From the entries below, return exactly the lines beginning at the one that contains "Uphill Halloween Racing game preview" and ending at the one that contains "Used 2018 Hyundai", both of them included, and only those lines.

Entries shown
== == ==
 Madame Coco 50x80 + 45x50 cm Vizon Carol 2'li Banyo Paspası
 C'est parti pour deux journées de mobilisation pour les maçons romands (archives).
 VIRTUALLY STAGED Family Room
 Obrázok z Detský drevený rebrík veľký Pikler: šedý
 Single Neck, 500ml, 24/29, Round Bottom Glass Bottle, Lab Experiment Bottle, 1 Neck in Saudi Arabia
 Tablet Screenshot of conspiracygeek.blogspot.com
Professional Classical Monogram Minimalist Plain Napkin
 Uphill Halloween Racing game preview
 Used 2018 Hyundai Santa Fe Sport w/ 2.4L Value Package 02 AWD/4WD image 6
== == ==
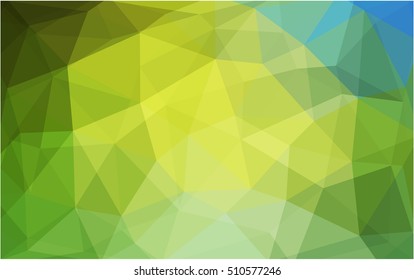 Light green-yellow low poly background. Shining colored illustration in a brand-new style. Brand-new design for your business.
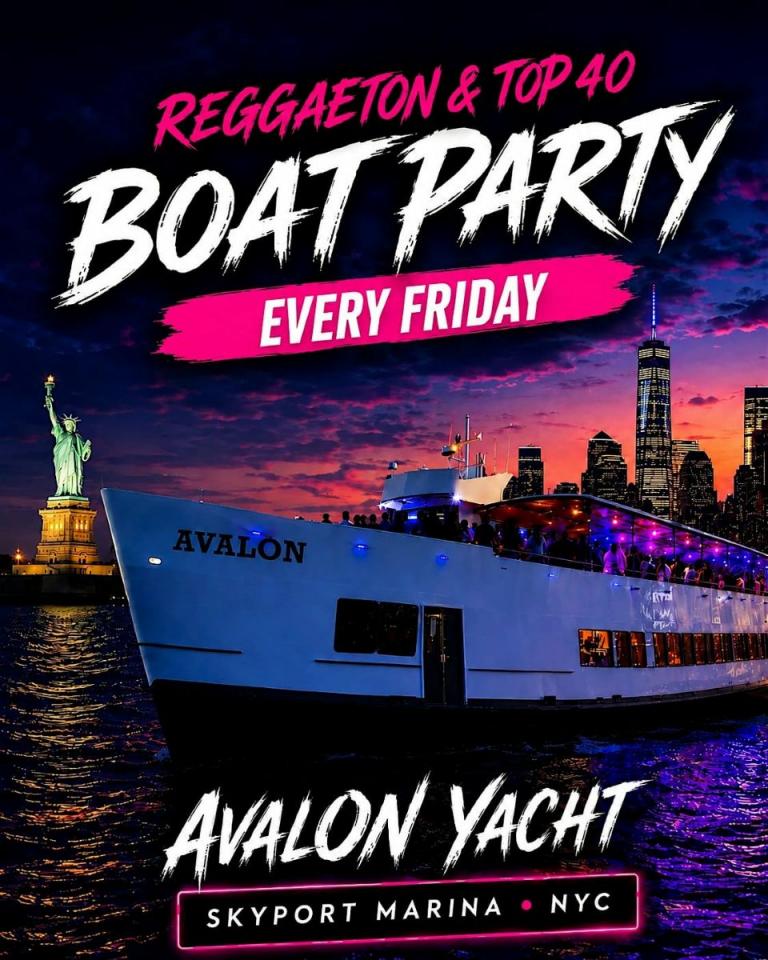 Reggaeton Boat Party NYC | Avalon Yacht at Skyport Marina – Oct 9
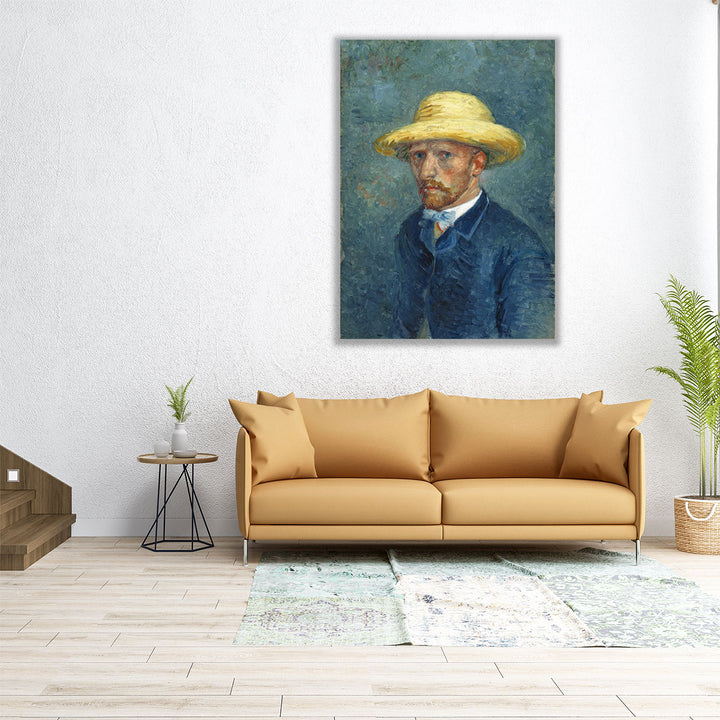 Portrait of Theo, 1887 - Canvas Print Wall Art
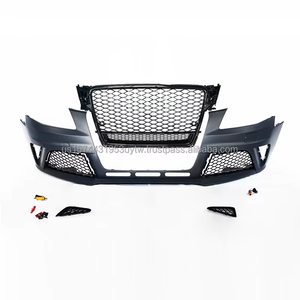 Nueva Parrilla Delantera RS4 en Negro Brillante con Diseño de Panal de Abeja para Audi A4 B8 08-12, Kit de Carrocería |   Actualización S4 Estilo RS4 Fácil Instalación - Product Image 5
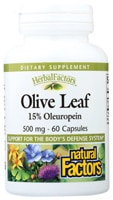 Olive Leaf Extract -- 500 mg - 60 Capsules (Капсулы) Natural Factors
== == ==
Result for this exercise
 Uphill Halloween Racing game preview
 Used 2018 Hyundai Santa Fe Sport w/ 2.4L Value Package 02 AWD/4WD image 6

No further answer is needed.